Luigi Ferrata, managing partner di Rud Pedersen, uno dei principali attori europei del Public affairs con 19 sedi sparse nelle capitali continentali, sotto questo punto di vista non ha alcun tipo di dubbio: l’Italia e Brescia possono crescere enormemente se imparano a dialogare con il cuore delle istituzioni Ue. A dirlo è un professionista nato a Brescia, residente a Monte Isola ma diviso lavorativamente tra Bruxelles e Roma.
Nella Città eterna
E proprio nella Città eterna Rud Pedersen (il quartier generale è a Stoccolma in Svezia ma l’ufficio principale è a Bruxelles) ha da sei mesi attivato la sua prima sede italiana, «segno tangibile che è possibile, oltre che centrale, costruire un ponte comunicativo forte con l’Europa». Il nostro territorio in questo senso ha già mosso diversi passi ma per Ferrata, che a latere della sua professione fa parte anche dell’Agenzia di ricerche e legislazione (Arel) e dell’Alleanza italiana per lo sviluppo sostenibile (Asvis), tanto ancora c’è da fare.
«Il prodotto interno lordo provinciale parla da solo, lo stesso dicasi della caratura sociale e culturale, con Brescia che nel 2023 è stata Capitale italiana della Cultura – evidenza –. Alla luce di ciò è possibile che nessuno abbia mai avuto l’idea di invitare un commissario europeo a visitare il territorio? Credo che ciò sia sintomatico di quanto Bruxelles sia tutt’ora percepita distante».
«Ingaggiare»
Il termine che più volte emerge parlando con Ferrata è perciò «ingaggiare», intendendo con ciò la capacità di dialogare, «nei tempi e nei modi giusti con i decisori, per avere vantaggi da un punto di vista legislativo e regolatorio». È la famosa attività di lobbying «che può portare benefici concreti – evidenzia il manager bresciano –. Si prenda il caso di un nostro cliente, un’azienda da circa 50 milioni di euro di fatturato che produce un determinato tipo di fibra. Quando c’è stato da rivedere la direttiva che la interessava direttamente è riuscita, grazie al nostro supporto, a far inserire il suo prodotto tra quelli previsti dalla normativa». Un risultato di grande rilievo «raggiunto da una realtà di dimensioni ridotte e che inizialmente vedeva l’Ue come irraggiungibile».

L’errore da non commettere però è quello di pensare che l’attività di lobbying debba poggiare tutta «sugli europarlamentari di zona – rimarca Ferrata –. A differenza delle società che svolgono professionalmente questa attività, i politici, per quanto bene possano svolgere il loro lavoro, non riescono a mettere insieme le stesse competenze tecniche e relazionali».

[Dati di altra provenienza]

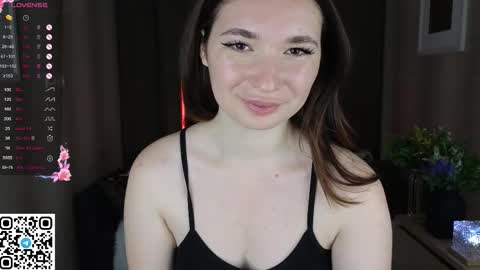 Lolla online show from 09/12/25, 05:35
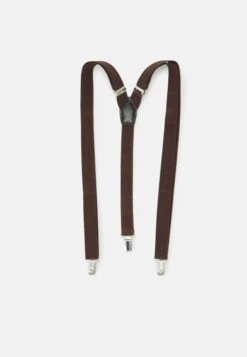 Pier One Set - Autres Accessoires - Light Brown -France Pier One Soldes Boutique 81cc745032f94fc0a00551a2e00b23b3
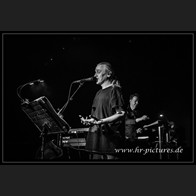 20250416_PeterHeppner_016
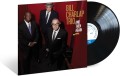 Bill Charlap_And Then Again - Live 2023_lp.jpg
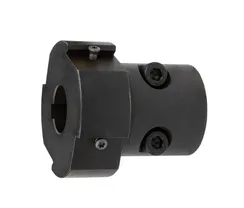 Головка фрезерная Heden к PB-315 радиусная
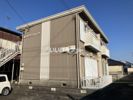 緑ヶ丘サンハイツの間取り画像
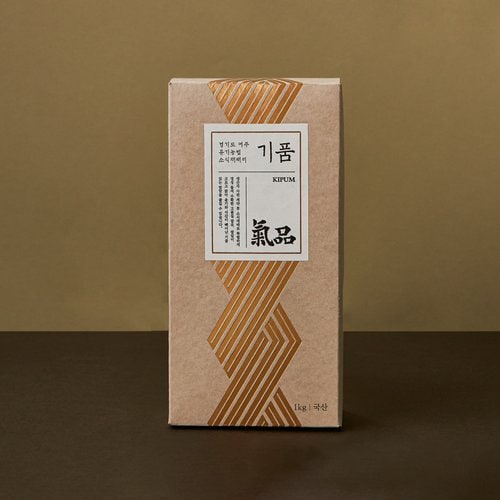 상품 이미지4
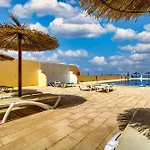 Appartement Zen&chill Don Franco Costa Adeje (Tenerife)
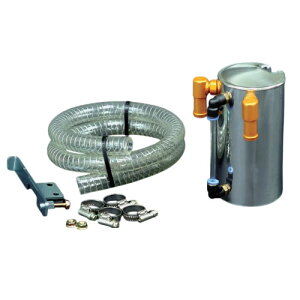 APIO AsI ICLb`^N Wj[ JB23W-1`10^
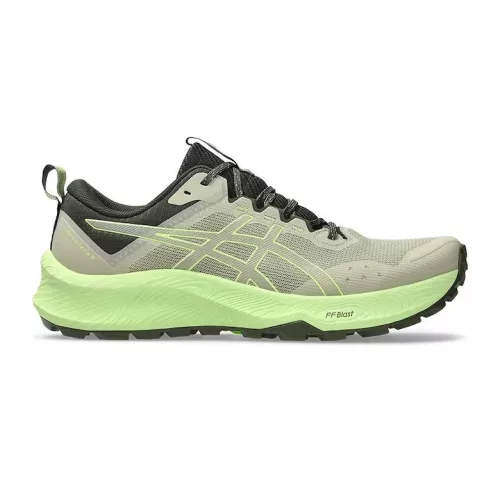 Asics Trabuco Terra 3 férfi futócipő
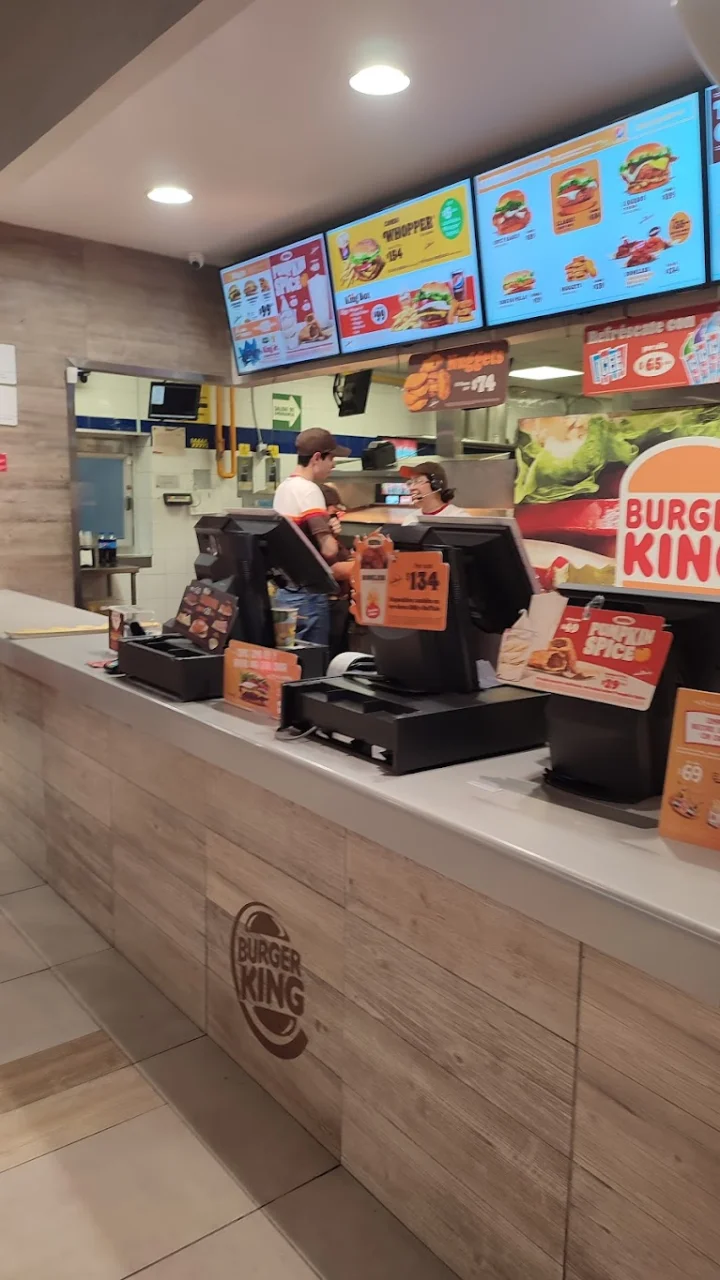 Dónde comer mexicano en Guadalajara: 74 opciones reales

Sulla diffidenza diffusa che ancora aleggia attorno al lobbismo il manager sgombra il campo da ogni dubbio, «perché in ultima analisi ciò che davvero crea problemi non è la lecita attività del portare avanti i bisogni di questa o questa realtà, bensì i conflitti di interesse. Questi sono però ineliminabili e per superare l’idea negativa del lobbying non serve ulteriore regolamentazione, già presenti tra l’altro in Europa, ma la creazione di una società civile che, come un cane da guardia, metta ai margini del mercato e delle trattative chi non rispetta i principi etici».
Prospettive
E all’inizio di una nuova legislatura a guida Ursula von der Leyen, con l’avvio parimenti della nuova programmazione della politica di coesione 2028-2034, tante sono le partite che interessano direttamente il Bresciano e l’Italia: «I temi del Green Deal, quindi della transizione sostenibile ed energetica, saranno ancora centrali. Grande attenzione però deve essere posta anche sul mondo del digitale, dalla cybersecurity all’intelligenza artificiale – spiega Ferrata –. Quest’ultima in particolare avrà enormi impatti anche sull’industria. Ecco perché la manifattura deve aggiornarsi sia sul piano ambientale sia su quello tecnologico». Infine temi di primaria importanza saranno «quello commerciale, con tutta la questione dei dazi sulla quale anche Brescia può ottenere molto, la Difesa e i servizi finanziari».
Infine c’è ovviamente l’automotive, «dove l’atteggiamento passivo delle aziende rischia di far semplicemente subire le decisioni - conclude -. Penso però che le aziende bresciane abbiano tutte le carte in regola per riuscire a interagire con Bruxelles».